[Image-caption web data]
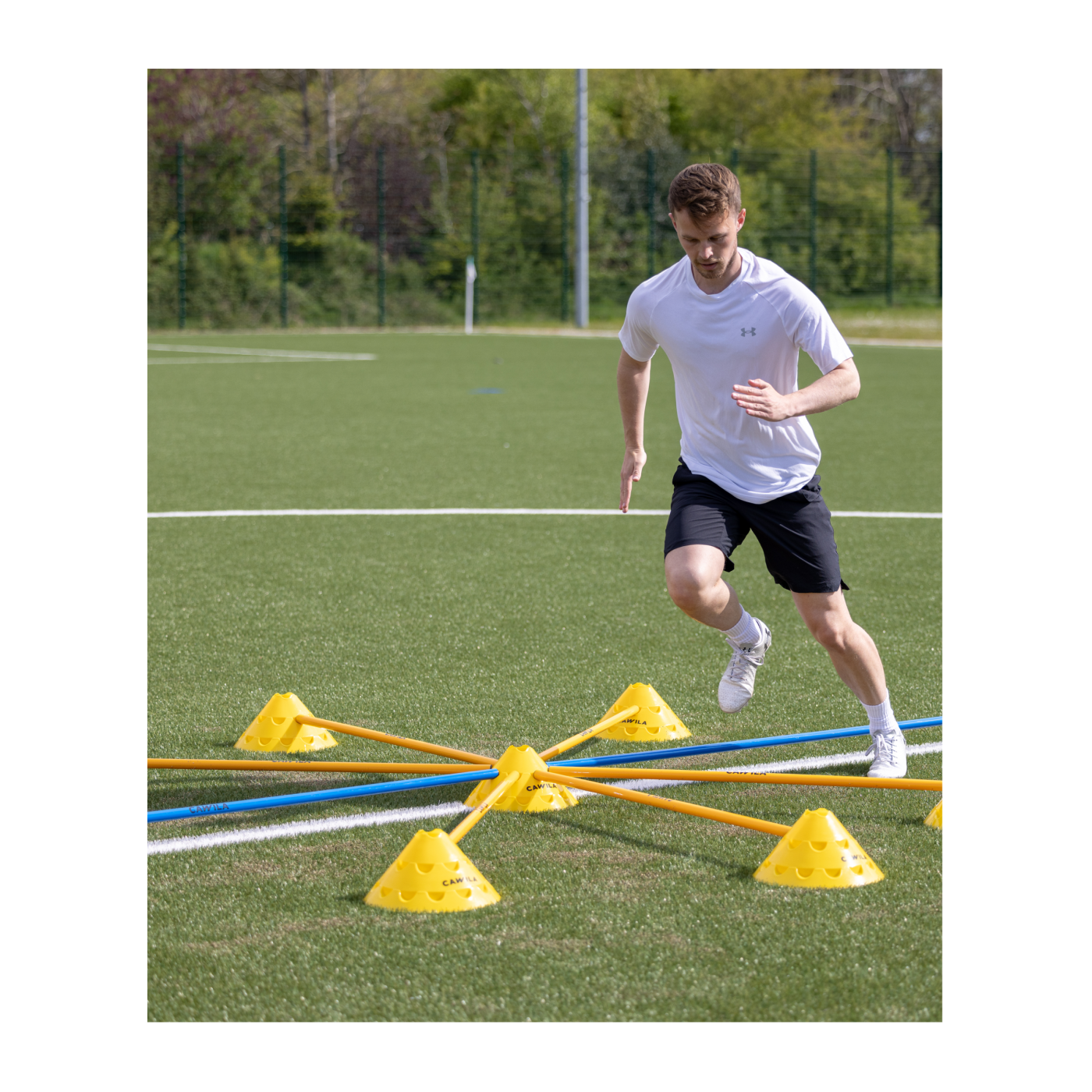 Cawila Trainingsstange L | 1,60m | Ø 25mm | Rot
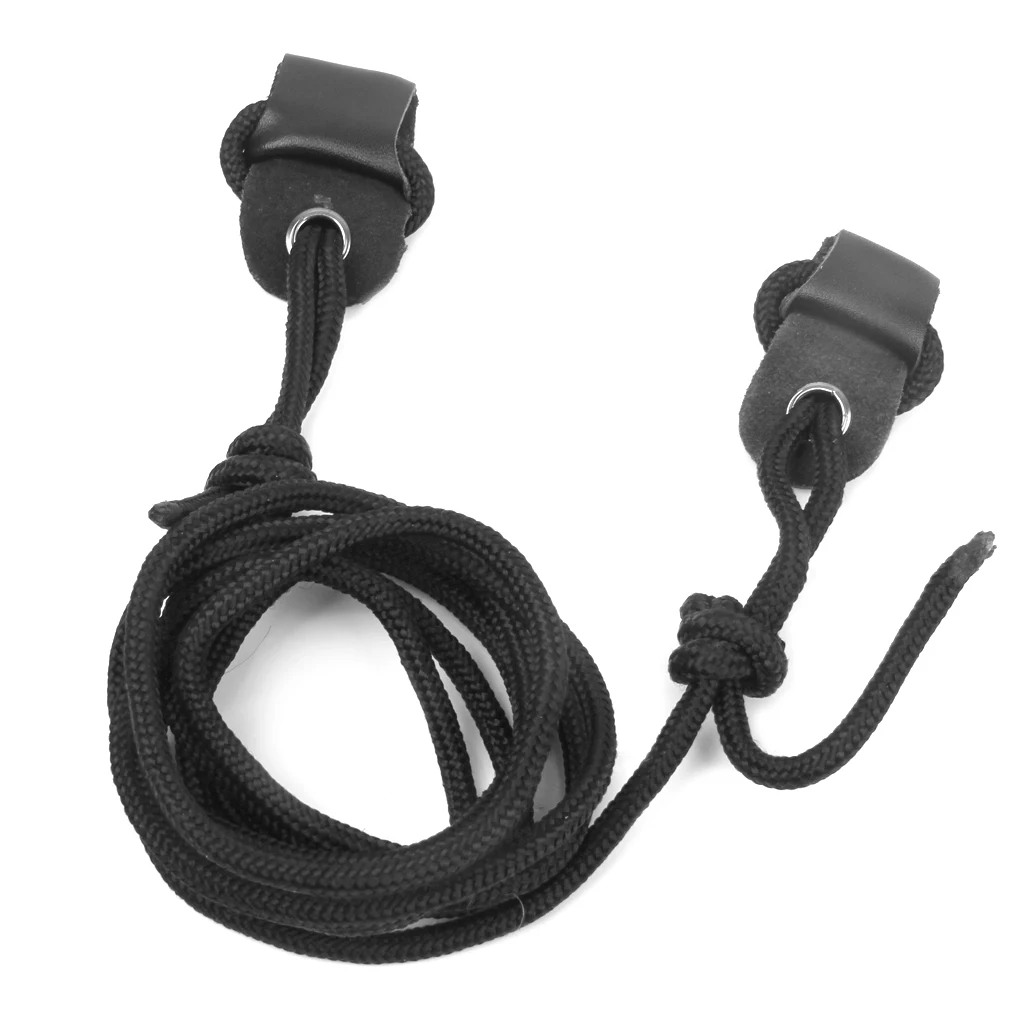 2m Black Archery Nylon Bow Stringer Bowstringer For Recurve Bow Longbow Thread - Archery Accessories String Serving Tool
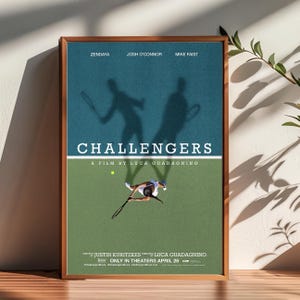 Challengers Film Poster, Raumdekor, Poster für Geschenke, Wohnkultur, Wandkunst Dekor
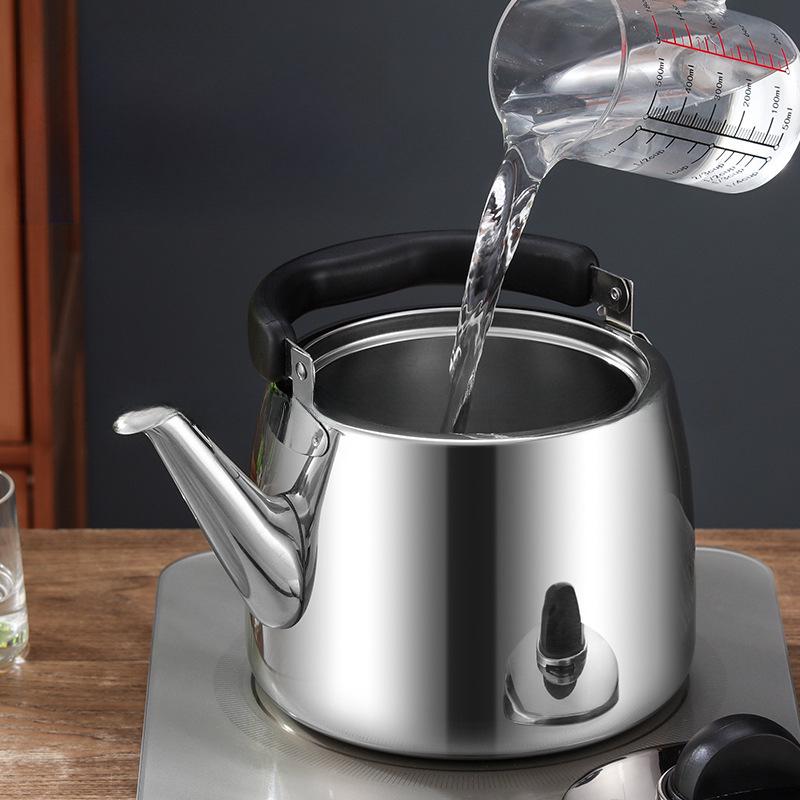 Чайник из нержавеющей стали большой емкости для индукционных плит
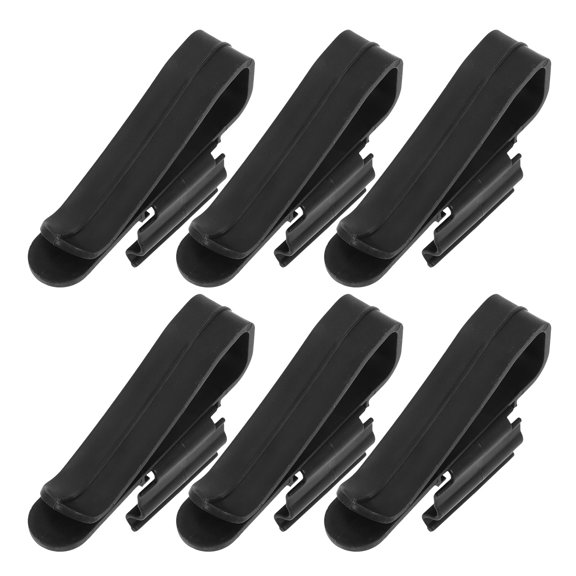 RENACLIPY 6Pcs Black Plastic Aquarium Hose Clips Fish Tank Water Pipe Clamps Tube Fixing Holders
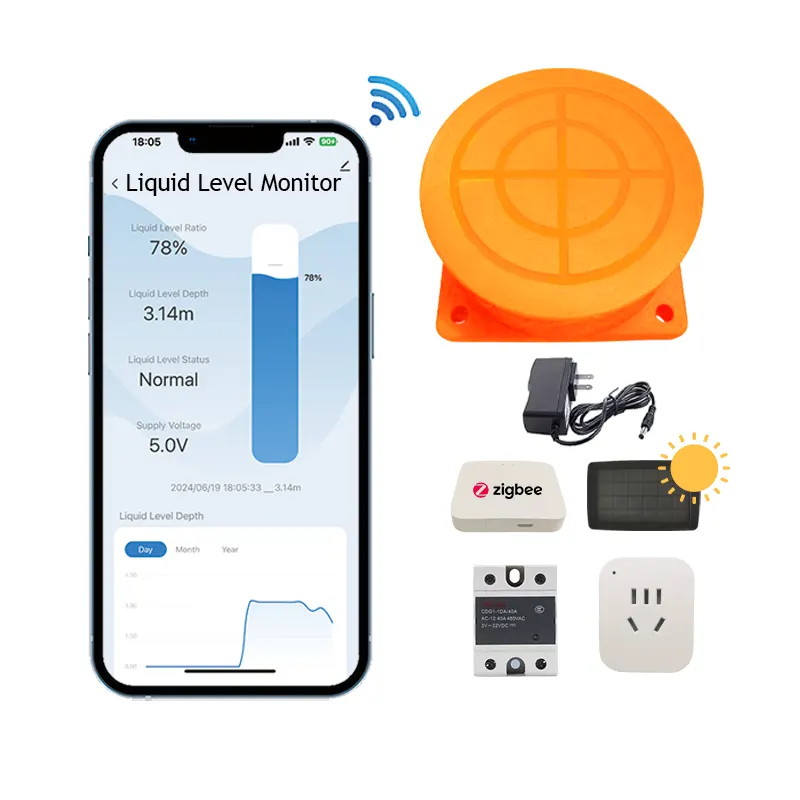Detector de aplicação móvel, alarme de sensor de nível de combustível, água e óleo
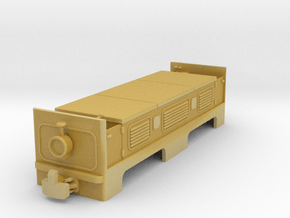 Mining Battery Locomotive H0e in Tan Fine Detail Plastic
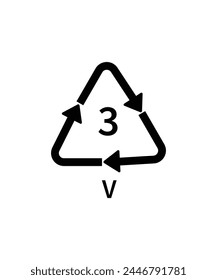 Recycling-Symbol, Vektorgrafik Beste Flat-Symbol.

The task: Please copy exactly the lines from the one containing "RENACLIPY 6Pcs Black" through the last line of the records above, both included, and leave out any pictures.

Task solution:
 RENACLIPY 6Pcs Black Plastic Aquarium Hose Clips Fish Tank Water Pipe Clamps Tube Fixing Holders
Detector de aplicação móvel, alarme de sensor de nível de combustível, água e óleo
 Mining Battery Locomotive H0e in Tan Fine Detail Plastic
 Recycling-Symbol, Vektorgrafik Beste Flat-Symbol.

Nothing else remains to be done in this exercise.